D’ailleurs elle n’intéresse pas notre sujet, parce que l’auteur du poème français n’a eu, en réalité, sous les yeux que la rédaction latine de la légende, et n’a rien connu ni même rien soupçonné au delà. Il nous suffit donc d’étudier son œuvre en elle-même et dans ses rapports avec la légende latine, source unique où il a pu puiser.

La légende latine se lit au Recueil des Bollandistes, tome IV du mois de juillet (saint Alexis est fêté le 17 juillet). Je la résume en quelques mots : Saint Alexis est le héros presque surhumain de la continence et de la pauvreté volontaire. Fils d’un très riche comte romain nommé Euphémien, marié à une fille de haute naissance, il s’est enfui le soir de ses noces du palais de son père et s’est allé à Édesse en Syrie où il vit plusieurs années parmi les mendiants. Plus tard, il revient méconnaissable, chez ses parents, et y est hébergé par charité ; il y demeure dix-sept ans en butte au mépris et aux injures de la valetaille et bénissant Dieu d’être méprisé. Il meurt enfin ; son nom, sa pénitence (d’autant plus héroïque qu’il n’avait nulle faute à expier), sa sainteté, son humilité sont reconnus ; son corps, après sa mort, est recueilli avec les plus grands honneurs : et son intercession est suivie d’éclatant miracle.

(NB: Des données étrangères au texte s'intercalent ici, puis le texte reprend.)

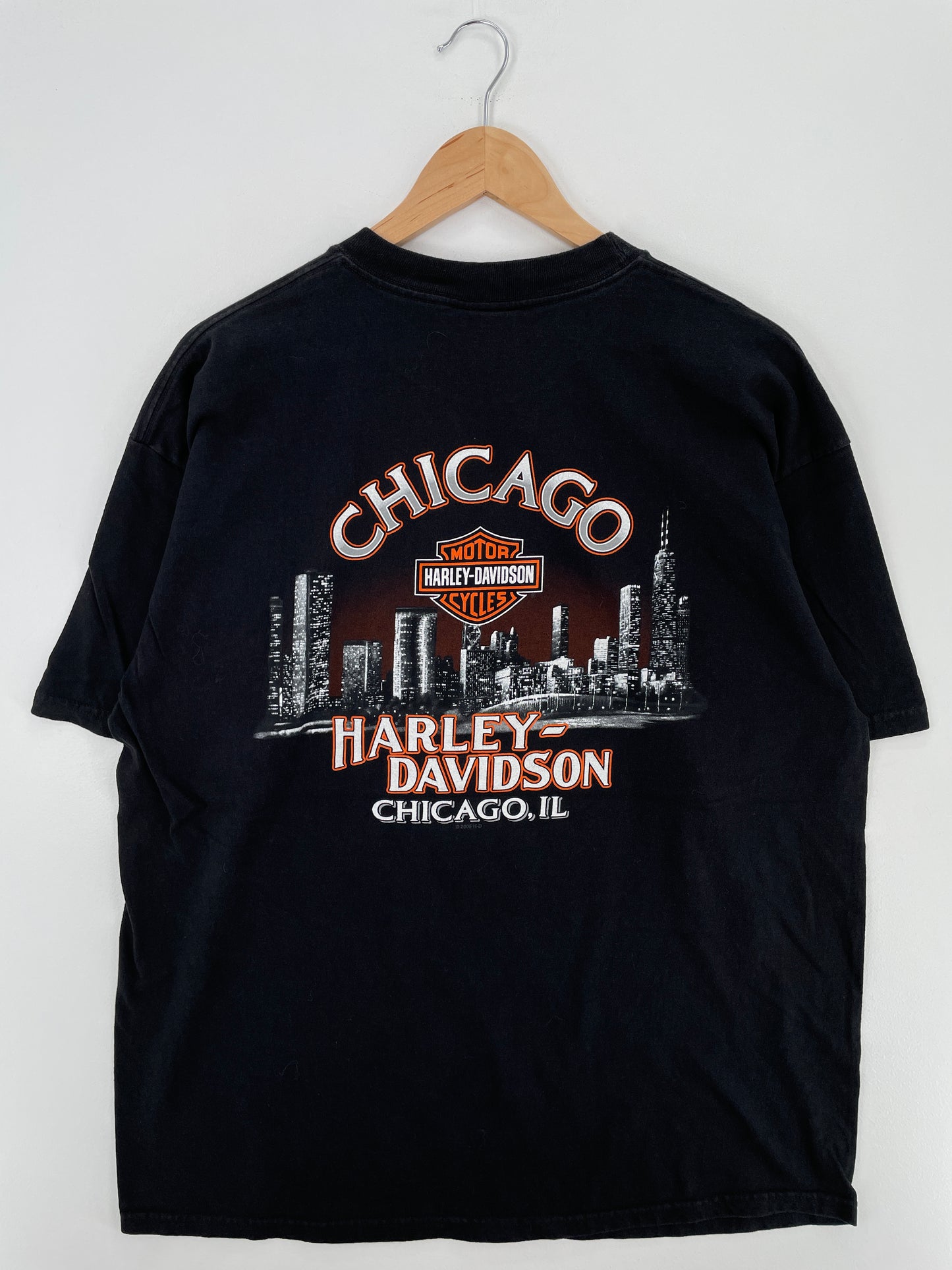 2009 HARLEY DAVIDSON CHICAGO Made in USA Size XL Vintage T-Shirts / A4453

Telle était la légende latine où dut puiser l’auteur inconnu de notre poème : prêtre ou moine, sans doute. Avec une certaine vraisemblance, on a même essayé de le désigner plus précisément. Un moine de Fontenelle[1] raconte la guérison miraculeuse d’un chanoine de Vernon, nommé Tedbalt, affligé de cécité, guéri en 1053 par l’intercession de saint Vulfran[2]; il ajoute : « C’est ce Tedbalt de Vernon qui traduisit du texte latin les faits[3]

  1. En Poitou, diocèse de Luçon.
  2. Saint Vulfran, évêque de Sens, vers 682, patron d’Abbeville, mort le 20 mars 721. — Saint Wandrille, fondateur et premier abbé de Fontenelle, mort le 22 juillet 667.
  3. Remarquer ce mot de gestes commun aux saints et aux preux.